In the late 1950s, back when it was still new, Key West International Airport in Key West, FL handled around 20,000 passengers a year. In 2005, the airport’s peak traffic year, nearly 620,000 travelers used the airport. To say then that the airport’s terminal expansion was long overdue would be an understatement. To say the use of Englert metal roofing on the renovated and expanded terminal’s roof was a success would be an understatement too.

In its original layout, roughly 4,000 square feet of the terminal was dedicated to administrative space for airport management, rental car companies and the Transportation Security Administration (TSA). A restaurant occupied another 3,000 square feet, leaving just 17,000 square feet to handle all passenger functions, including ticketing, departures, arrivals and TSA screening. By building up instead of out, 30,000 sq. ft. of new construction was added without affecting the terminal’s existing footprint. The project also involved adding a parking structure below the terminal and reconfiguring the original terminal space for efficiency and comfort.
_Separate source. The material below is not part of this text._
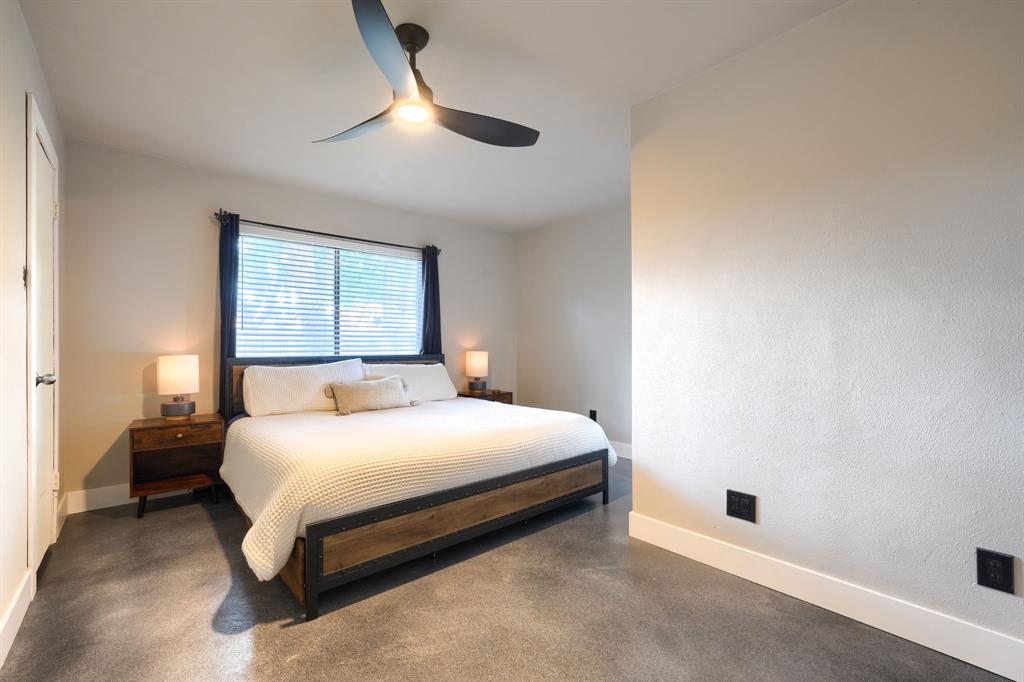 White Rock Village 02 - Residential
The groundbreaking ceremony for the $31 million project took place in early 2006 and the project was completed in 2009.

The terminal’s main floor is now elevated with spacious ticketing, luggage and security areas for departing passengers, and a central area for concessions, restrooms and restaurants. It also includes an area for arriving passengers who enter through a ground-level baggage claim area where car rental companies, restrooms and an office for lost luggage are all located.

Construction manager and general contractor was The Morganti Group of West Palm Brach, Florida. The firm faced a unique challenge going into the project. The terminal complex was the first Construction Management At Risk project for the Federal Aviation Administration and the Florida Department of Transportation. Unlike the traditional design-bid-build process, the Key West terminal required the project manager to guarantee that all costs incurred would fall at or below the contract price.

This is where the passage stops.